***** Given data
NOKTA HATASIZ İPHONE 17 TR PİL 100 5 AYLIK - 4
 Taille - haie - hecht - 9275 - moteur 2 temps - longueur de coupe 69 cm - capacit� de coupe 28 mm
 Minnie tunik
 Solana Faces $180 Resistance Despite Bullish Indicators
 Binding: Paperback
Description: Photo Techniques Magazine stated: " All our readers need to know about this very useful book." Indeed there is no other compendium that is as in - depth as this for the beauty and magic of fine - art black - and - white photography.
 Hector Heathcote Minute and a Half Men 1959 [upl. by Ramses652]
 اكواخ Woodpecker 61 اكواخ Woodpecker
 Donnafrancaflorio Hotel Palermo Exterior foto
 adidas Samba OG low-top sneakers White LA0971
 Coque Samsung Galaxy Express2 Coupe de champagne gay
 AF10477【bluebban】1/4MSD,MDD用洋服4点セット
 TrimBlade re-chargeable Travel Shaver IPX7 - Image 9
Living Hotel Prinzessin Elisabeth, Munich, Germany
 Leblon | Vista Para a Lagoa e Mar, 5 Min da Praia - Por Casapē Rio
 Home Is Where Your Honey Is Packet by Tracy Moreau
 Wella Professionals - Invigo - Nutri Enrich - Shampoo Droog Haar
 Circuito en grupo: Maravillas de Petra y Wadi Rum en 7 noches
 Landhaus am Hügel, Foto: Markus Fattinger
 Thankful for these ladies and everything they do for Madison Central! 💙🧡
**********
• Task brief
In the entries above, find each line with the word "Hotel" and copy it.

• Finished task
 Donnafrancaflorio Hotel Palermo Exterior foto
Living Hotel Prinzessin Elisabeth, Munich, Germany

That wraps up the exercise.